◆ Required action
Everything from the line with "cows, is an" to the line with "Trendsetter/Going Viral Header" in the listing below, both lines included, needs to be copied exactly, apart from the pictures.

◆ The input
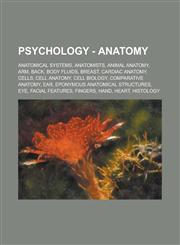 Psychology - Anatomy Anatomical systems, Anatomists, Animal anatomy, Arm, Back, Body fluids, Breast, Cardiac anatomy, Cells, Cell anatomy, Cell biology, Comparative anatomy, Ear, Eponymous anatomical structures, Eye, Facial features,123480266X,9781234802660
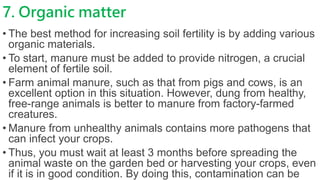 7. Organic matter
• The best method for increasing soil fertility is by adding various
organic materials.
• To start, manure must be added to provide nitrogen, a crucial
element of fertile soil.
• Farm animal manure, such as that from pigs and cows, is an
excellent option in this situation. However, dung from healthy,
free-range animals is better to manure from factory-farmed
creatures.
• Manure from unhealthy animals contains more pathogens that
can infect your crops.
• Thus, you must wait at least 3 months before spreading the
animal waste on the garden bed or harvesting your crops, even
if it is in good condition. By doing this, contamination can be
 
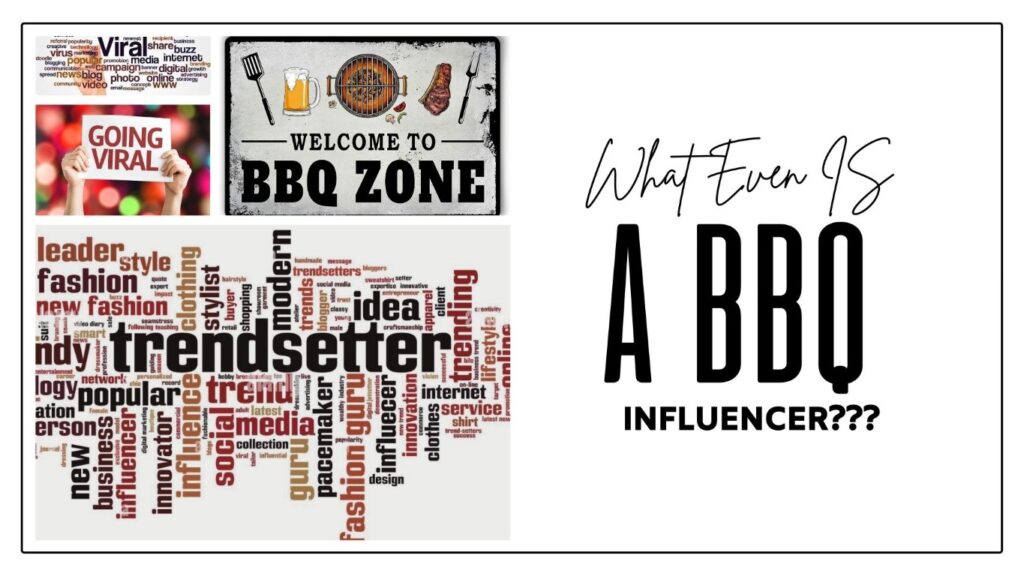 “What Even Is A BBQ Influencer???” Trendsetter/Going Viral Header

--

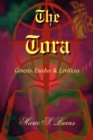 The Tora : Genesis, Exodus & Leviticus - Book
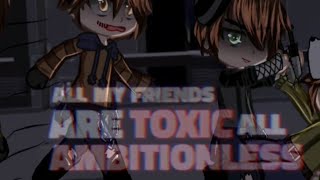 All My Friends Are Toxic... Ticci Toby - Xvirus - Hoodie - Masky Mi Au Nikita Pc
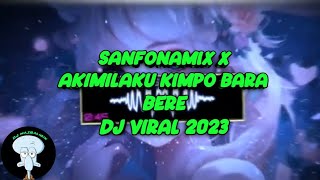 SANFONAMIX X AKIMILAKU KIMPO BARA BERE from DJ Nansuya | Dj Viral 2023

◆ Problem solution
• Farm animal manure, such as that from pigs and cows, is an
excellent option in this situation. However, dung from healthy,
free-range animals is better to manure from factory-farmed
creatures.
• Manure from unhealthy animals contains more pathogens that
can infect your crops.
• Thus, you must wait at least 3 months before spreading the
animal waste on the garden bed or harvesting your crops, even
if it is in good condition. By doing this, contamination can be
 
 “What Even Is A BBQ Influencer???” Trendsetter/Going Viral Header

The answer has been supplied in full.